Teen Walkabout - ages 13 -18
       'Walkabout' for Teens is similar to the kids' version, but gets deeper into traditional or “primitive” skills, shelter building, and wilderness awareness. This group prepares youth to be more comfortable, self-reliant, safe, and confident in the backcountry. It also helps prepare teens who are interested in participating in longer wilderness journeys we offer in the summer time. Meets January through May and August - November on the 4th Saturday of the month. Sign up here (it's free!)
      (This program is funded by the New Mexico Outdoor Equity Fund)

 


Earth Ways 2024 Summer Camps
Our summer camps weave together hiking, nature awareness games, nature-based skills and crafts, music, and loads of summer fun! Kids will get a full taste of every kid's long-lost nature connection birthright as they wander, play, and interact with nature, learning hands-on skills and building competence and comfort in being outside. Ages 8-12. 
     
 
                                                                                                                                                                                                   
 
Earth Ways Teen Wilderness Journey
An 8-day wilderness backpacking adventure where teens can be challenged, seek deeper parts of themselves, and enjoy the grounding effects of being on the land with friends, away from the distractions of the modern world. Participants will learn to make and tend fires in the old ways, make camp and shelters both modern and ancient, learn safe knife and tool handling, and create useful items from wood, bone, and stone. Through unique wilderness challenges, community fun, facing fears and sharing joys, this will be a journey they will never forget.
 
2024 dates: July 20 - 26
 
                                                                                                                                               
 
                                                                                                                                                                                                    

Village Drumming Classes 
 
         Group drumming classes are currently offered for adults and kids.  In these classes, people can get to know their musical voices and learn how to listen and speak within a group ensemble of the traditional drums of West Africa.  Drummers learn traditional rhythms and how each part fits together to create an amazing musical whole, and what that whole signifies in the context of a human community.  Classes meet once a week on Wednesdays at 4:15pm in Gough Park. Call (575)519-9232 for more information.  Instruments are available if needed.   
 

 

 


                                                                                                                                                                                                    

About our Earth Ways Wilderness Skills

Programs and Camps for Kids, Teens, and “Tweens"

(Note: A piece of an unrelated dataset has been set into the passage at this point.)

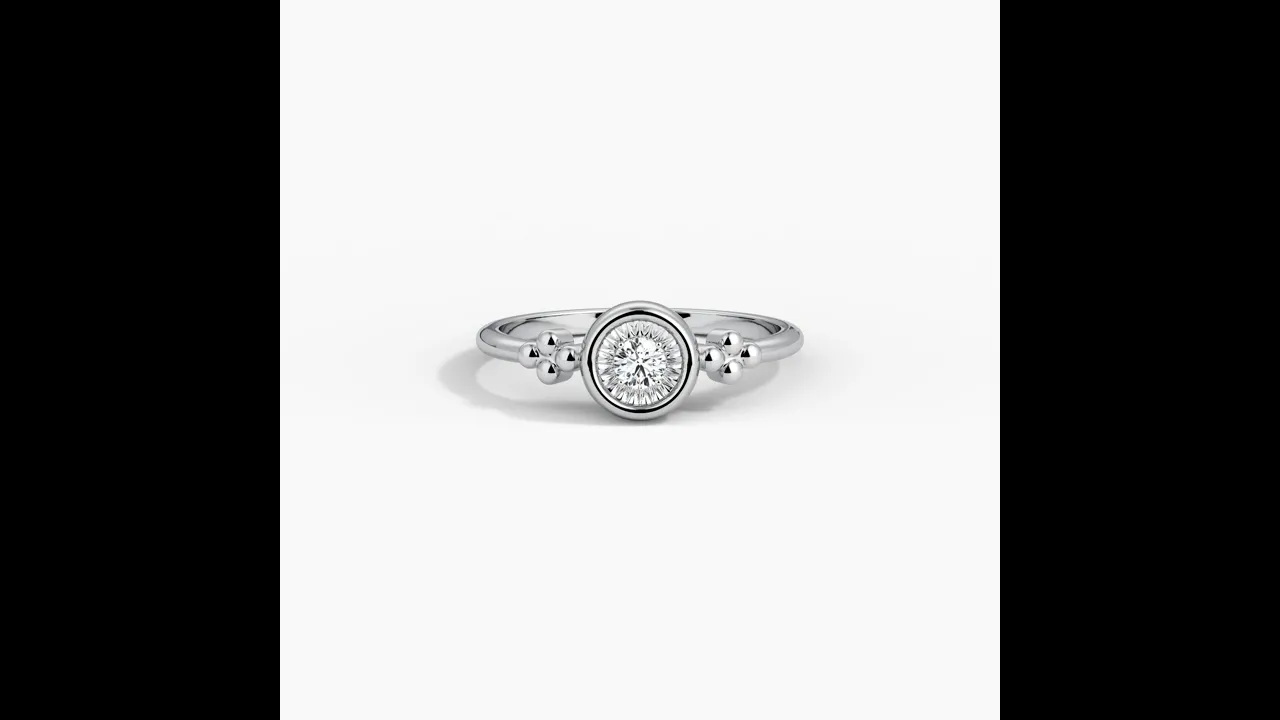Sterling Silver Bezel Set Lab-Grown Diamond Ring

Deep in all of our roots, there are stories of people living in healthy, regenerative communities — communities where people of all ages were (or still are) in deep relationship with the land, each other, and themselves; not perfect or without problems of course, but in functional relationship. While our culture is full of teachers, one ancient binding cultural component that we finding largely missing today is the mentoring relationship. 

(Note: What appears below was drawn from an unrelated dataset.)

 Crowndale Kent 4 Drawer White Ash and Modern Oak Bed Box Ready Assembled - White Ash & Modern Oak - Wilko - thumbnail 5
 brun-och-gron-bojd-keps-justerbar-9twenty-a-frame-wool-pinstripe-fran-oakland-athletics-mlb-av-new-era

While a teacher's role is to impart a specific skill to a student, a mentor's role is to develop a relationship with a younger person.  Through that relationship, many things can be nurtured, including character-building, development of skills, and support along their way of becoming who they really are.  Our human traditions are characterized by mentoring relationships in all realms of life, where every person is a mentor to many, and simultaneously mentored by many.  

 


In our Earth Ways programs, the mentoring relationship is built through many different facets of an integrated whole. Young people are led in developing competency in nature-based ancestral skills such as tracking, wildlife identification, fire-making, and nature-based "survival" skills and crafts. This helps build a foundational connection to the earth that is so vital to our human potential for wholeness. Fun and physically-active awareness games help us to feel light and happy, connected to one another, and to develop the physical aspects of coordination, strength, and flexibility. Our core routines of nature connection help young people become more confident, more resilient, and more connected to self, others, and the natural world.